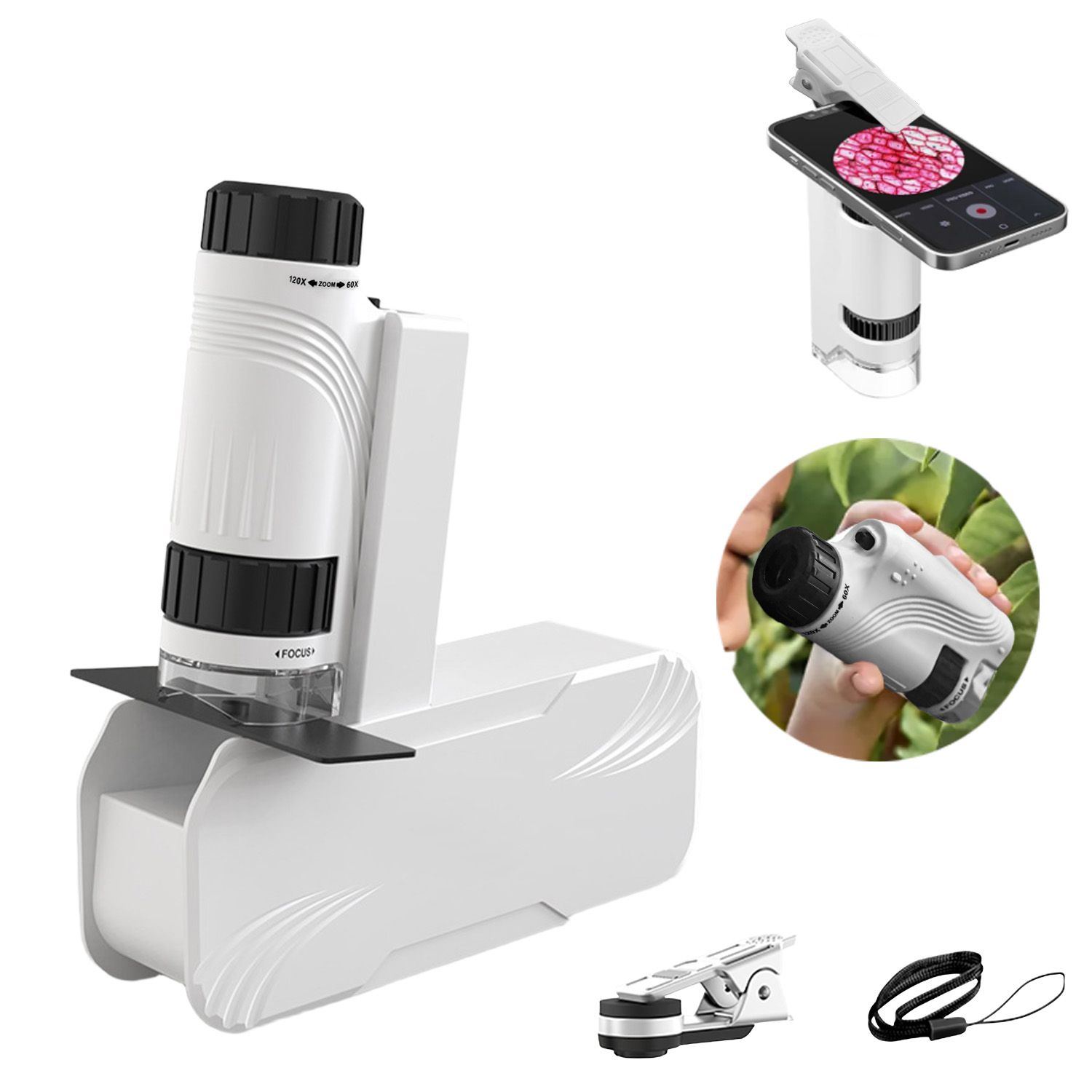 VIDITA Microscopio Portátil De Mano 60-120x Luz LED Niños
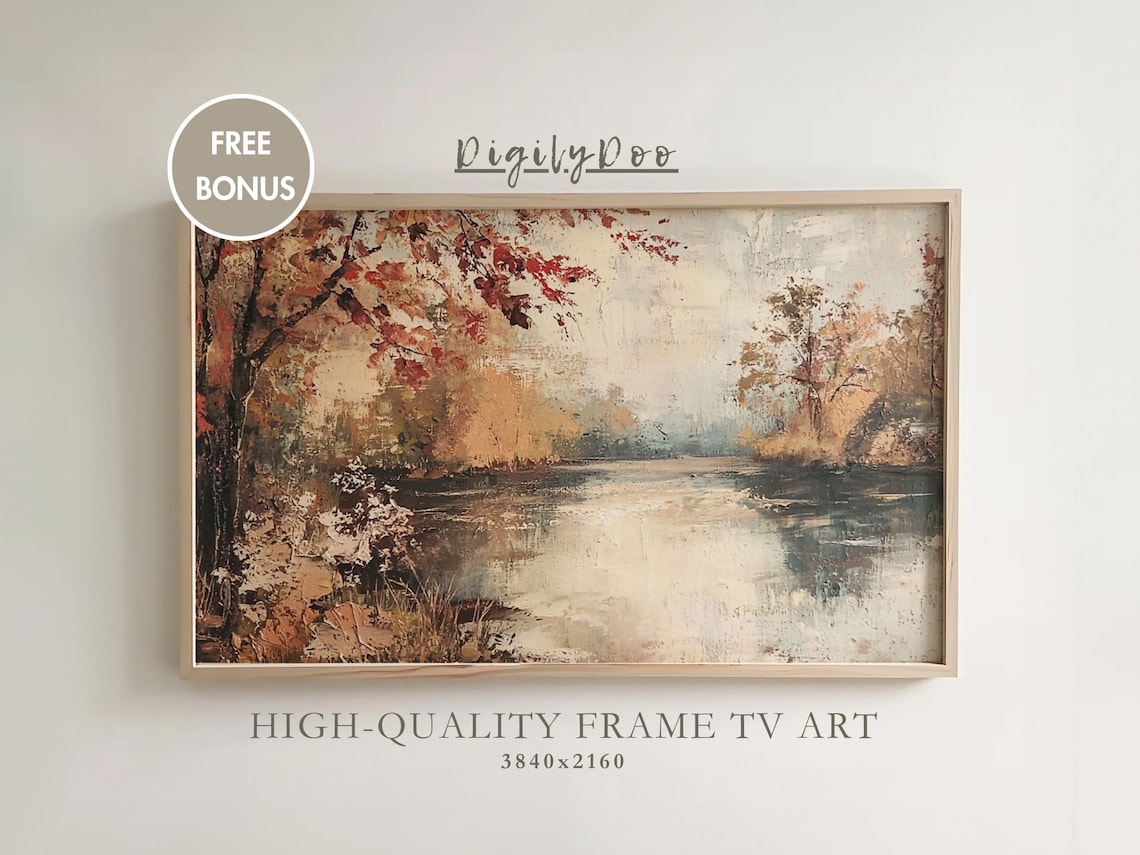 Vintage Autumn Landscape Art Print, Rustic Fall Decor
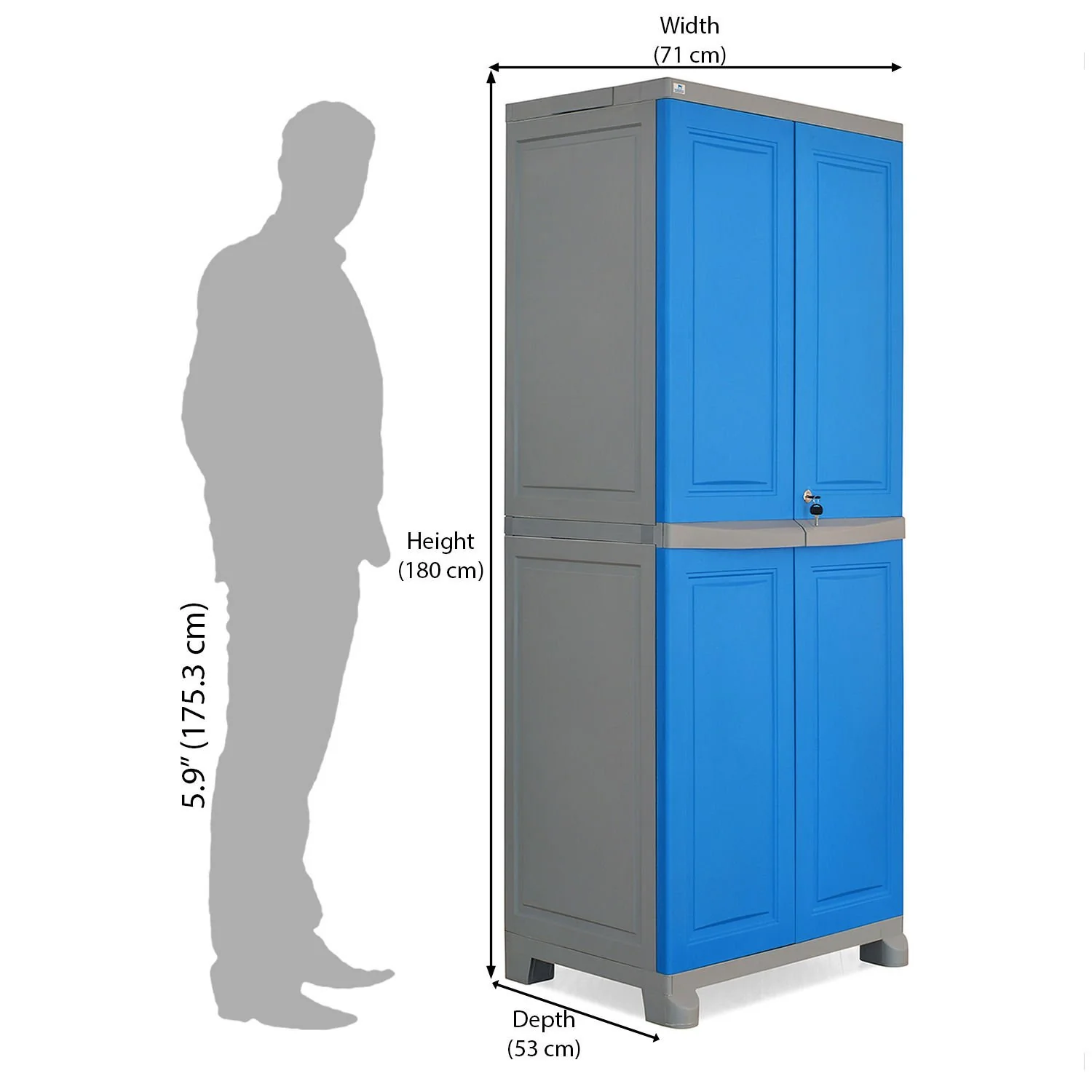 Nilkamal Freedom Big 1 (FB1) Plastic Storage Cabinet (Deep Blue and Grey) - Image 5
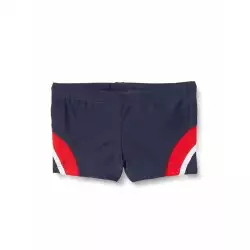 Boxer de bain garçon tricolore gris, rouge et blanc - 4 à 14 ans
= = = = =
> [Problem details] Write out the material above precisely, leaving each picture behind.

> [Reply]
 VIDITA Microscopio Portátil De Mano 60-120x Luz LED Niños
 Vintage Autumn Landscape Art Print, Rustic Fall Decor
 Nilkamal Freedom Big 1 (FB1) Plastic Storage Cabinet (Deep Blue and Grey) - Image 5
 Boxer de bain garçon tricolore gris, rouge et blanc - 4 à 14 ans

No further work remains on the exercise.